(J.R. Guzzo, publicado no jornal Gazeta do Povo em 28 de abril de 2022)
Um dos melhores passatempos que estão disponíveis no momento na praça política é o estado de agitação nervosa e de revolta improdutiva contra o decreto presidencial que deu ao deputado Daniel Silveira o perdão para as penas que lhe foram impostas pelo STF. Pensaram em tudo, menos nisso — e agora, sem saber o que fazer, gastam energia numa daquelas revoltas sem causa que sempre levam a lugar nenhum. Não há o que fazer, na prática. O decreto é à prova de bala do ponto de vista constitucional; não há o que se possa mexer nele, a menos que se faça uma virada geral de mesa. Como disse o ministro Alexandre de Moraes em 2018, quando o presidente Michel Temer deu exatamente a mesma “graça” para um lote de condenados por corrupção na Lava Jato: perdão presidencial, “goste-se ou não”, tem de ser cumprido.
A oposição, a maior parte da mídia e o que se poderia chamar de “partido do Supremo” estão revoltados: foram ao próprio STF, aliás, pedir que seja anulada a anulação das penas do deputado. É uma alucinação. Está escrito na Constituição que o presidente da República tem o direito de dar esse perdão para quem quiser, na hora que quiser, de forma individual ou coletiva. Não precisa apresentar nenhuma justificativa para a sua decisão. Não precisa pedir licença a ninguém. Mais que tudo, não precisa submeter o decreto à apreciação de nenhuma “instância superior”. Não existe “desde que”, nem “salvo se” — é isso aí. Aparecem então, no desespero, argumentos de nível ginasiano. A circunstância de Temer era “diferente”, alegam, embora não se explique qual poderia ser a diferença. O presidente agiu de “má intenção”, dizem, e “más intenções” invalidam o que está na Constituição. Quis “beneficiar” um aliado — e por acaso Temer, ao dar o seu indulto tido como impecável, quis prejudicar os perdoados? É daí para baixo.

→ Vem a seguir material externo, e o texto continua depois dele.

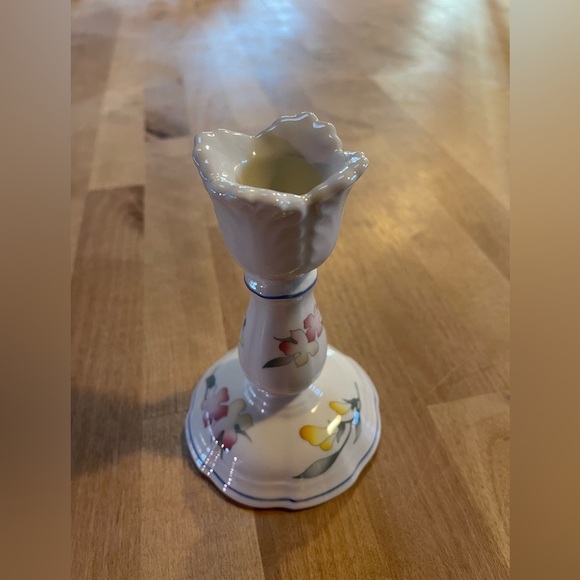 Villeroy & Boch Candlestick Riveria Collection 5” Pink Yellow Tulip Shaped White - Picture 7 of 16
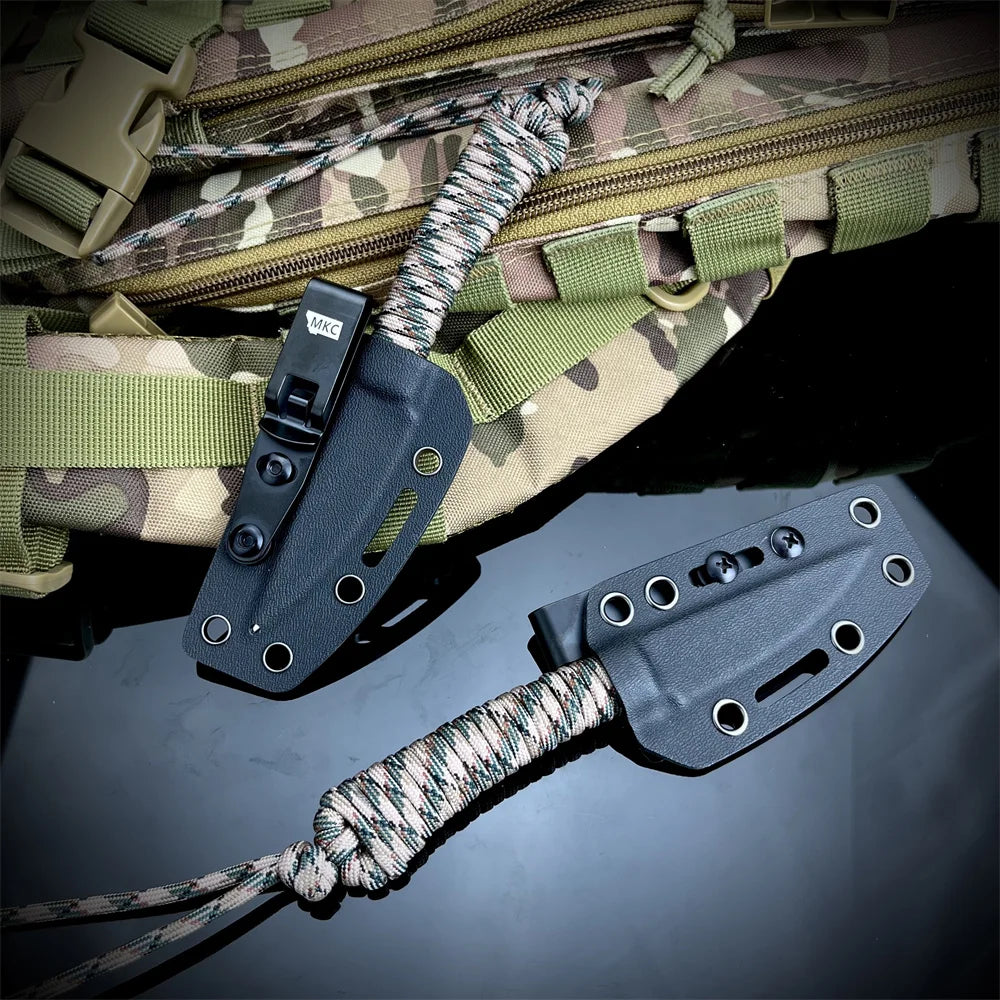 Straight Knife   Blade Nylon Rope Handle C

O momento mais divertido, porém, ficou por conta do herói de quase todos os inconformados com o perdão ao deputado — o ex-presidente Lula. Como se viu, ele ficou quietíssimo quando o decreto saiu. Depois veio com a história de que “não quis dar cartaz ao Bolsonaro”, mas aí não deu para segurar: teve, sim, de falar no assunto maldito. O fato é que Lula, antes de deixar a Presidência, deu um perdão igual para um criminoso muito pior — o terrorista italiano Cesare Battisti, que assassinou quatro pessoas na Itália e depois se refugiou no Brasil. E agora: está errado perdoar Daniel Silveira, que gravou um vídeo com xingatório contra o STF, e está certo perdoar Battisti, que matou quatro?

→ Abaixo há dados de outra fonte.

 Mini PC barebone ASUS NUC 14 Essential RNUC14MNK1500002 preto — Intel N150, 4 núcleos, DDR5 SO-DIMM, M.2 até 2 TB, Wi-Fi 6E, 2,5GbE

Lula piorou as coisas, como sempre, jogando nos outros a culpa pelo que fez — no caso, disse que o culpado pela concessão do indulto foi o seu ex-ministro da Justiça, Tarso Genro, que lhe garantiu que Battisti era “inocente”. Àquela altura a Justiça da Itália, em todas as suas instâncias, tinha decidido que ele era culpado por quatro crimes de homicídio — e isso, não pesou nada na avaliação de Lula? Quer dizer que “Tarso Genro falou, tá falado”? O ex-presidente e candidato nas próximas eleições presidenciais acusou também o próprio Battisti; o “companheiro”, nas suas palavras, mentiu para ele ao dizer-se inocente. Lula acreditou na história do terrorista, coitado, e acabou cometendo o engano de dar o indulto. Esse é Lula. Esse é o seu passado. Ele vota o tempo todo para interferir no presente e deixar mudos os seus devotos — tão indignados com o perdão a Daniel Silveira, e tão esquecidos do perdão a Cesare Battisti.